*Work to complete*: For the data below, give again exactly the lines from the one containing "The circus has" through the one containing "Hello everyone, welcome", both ends included, and no others.

*Records*:

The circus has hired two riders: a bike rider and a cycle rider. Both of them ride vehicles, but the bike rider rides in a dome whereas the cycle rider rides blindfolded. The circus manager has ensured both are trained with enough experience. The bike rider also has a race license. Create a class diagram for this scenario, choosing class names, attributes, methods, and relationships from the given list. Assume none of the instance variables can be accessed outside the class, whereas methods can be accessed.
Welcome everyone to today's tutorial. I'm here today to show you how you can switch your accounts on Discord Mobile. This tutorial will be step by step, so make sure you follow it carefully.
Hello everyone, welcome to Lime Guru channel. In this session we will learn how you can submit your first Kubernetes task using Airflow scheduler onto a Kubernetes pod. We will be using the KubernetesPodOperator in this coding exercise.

...

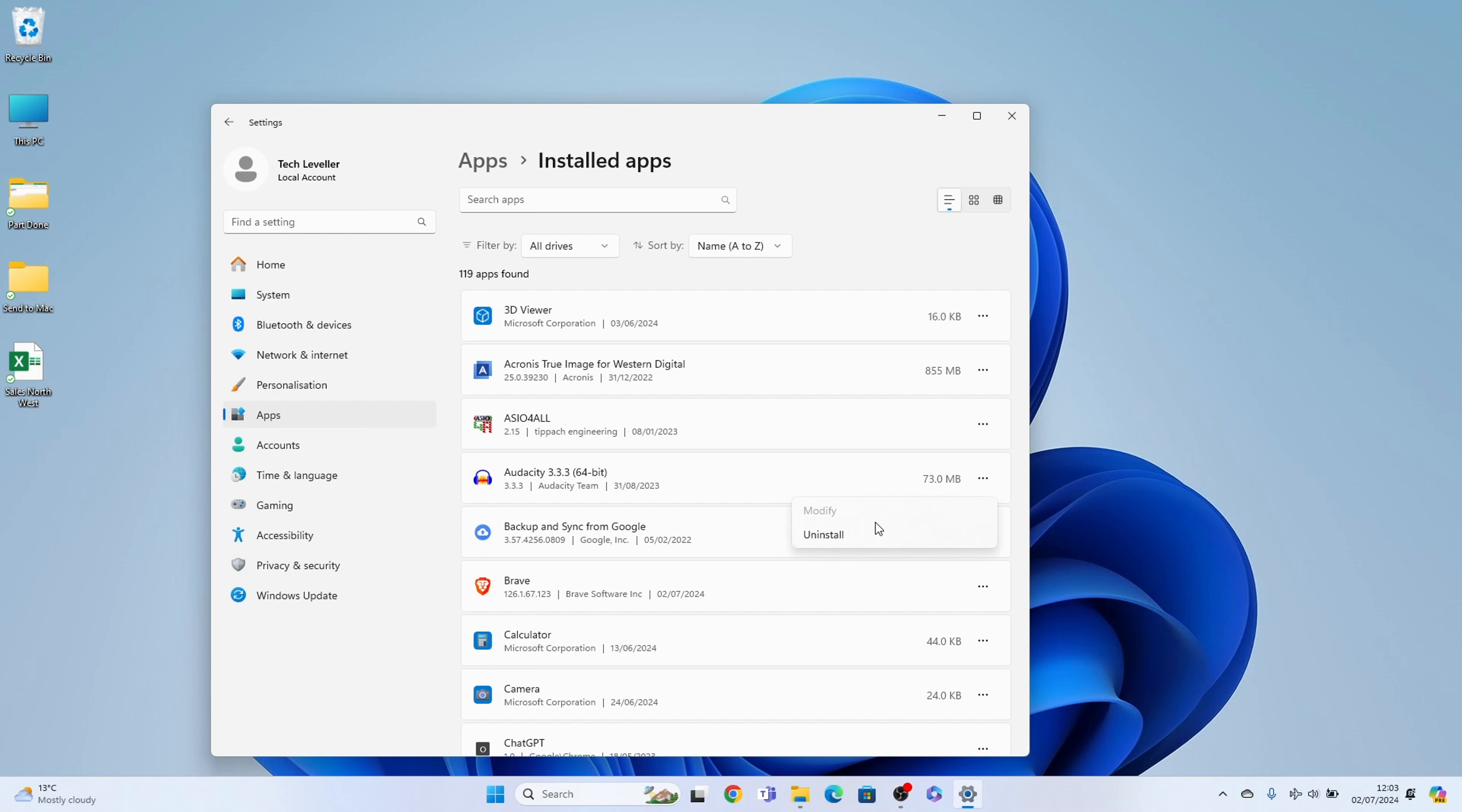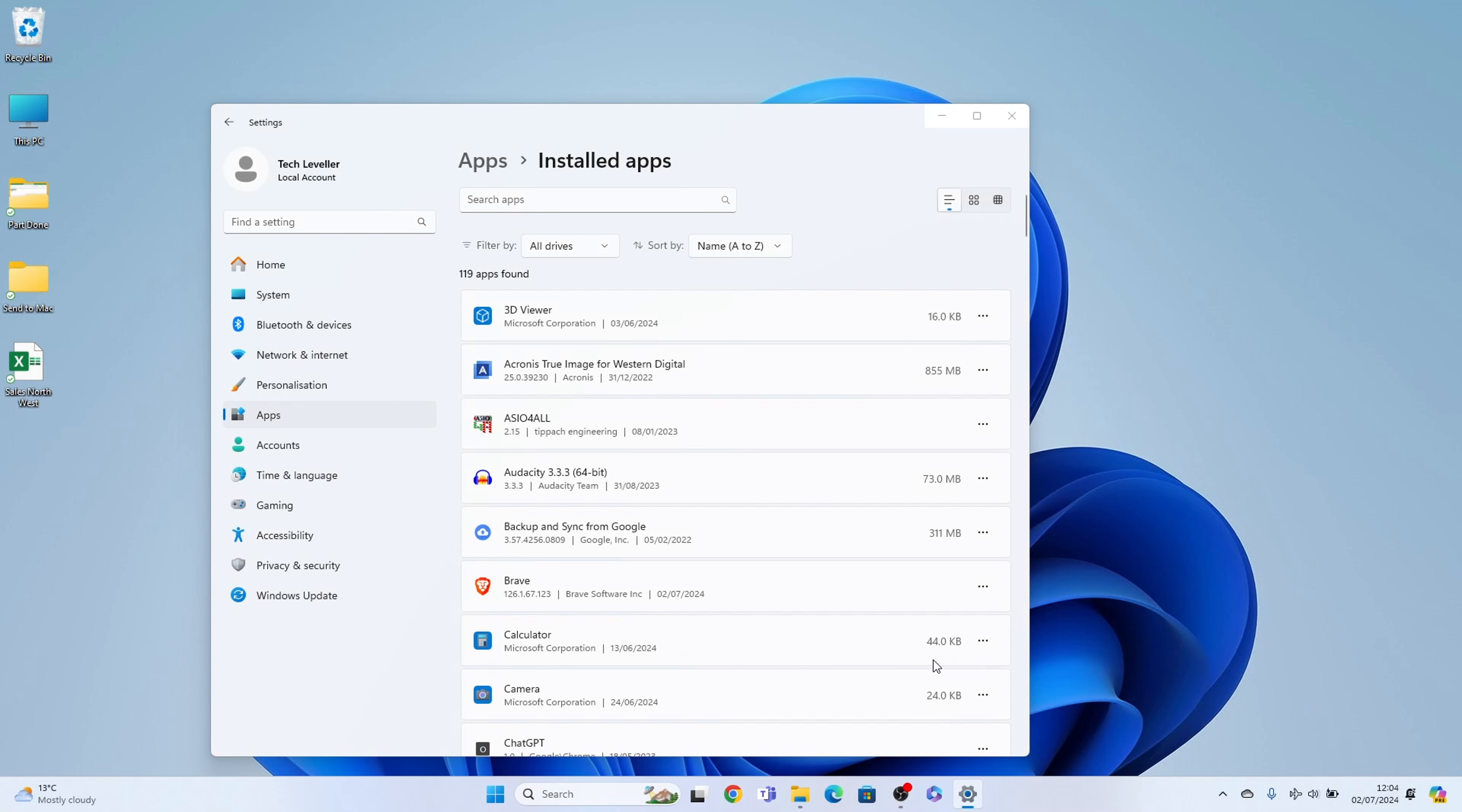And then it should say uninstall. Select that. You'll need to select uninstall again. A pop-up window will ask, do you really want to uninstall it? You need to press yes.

*Exercise response*:
The circus has hired two riders: a bike rider and a cycle rider. Both of them ride vehicles, but the bike rider rides in a dome whereas the cycle rider rides blindfolded. The circus manager has ensured both are trained with enough experience. The bike rider also has a race license. Create a class diagram for this scenario, choosing class names, attributes, methods, and relationships from the given list. Assume none of the instance variables can be accessed outside the class, whereas methods can be accessed.
Welcome everyone to today's tutorial. I'm here today to show you how you can switch your accounts on Discord Mobile. This tutorial will be step by step, so make sure you follow it carefully.
Hello everyone, welcome to Lime Guru channel. In this session we will learn how you can submit your first Kubernetes task using Airflow scheduler onto a Kubernetes pod. We will be using the KubernetesPodOperator in this coding exercise.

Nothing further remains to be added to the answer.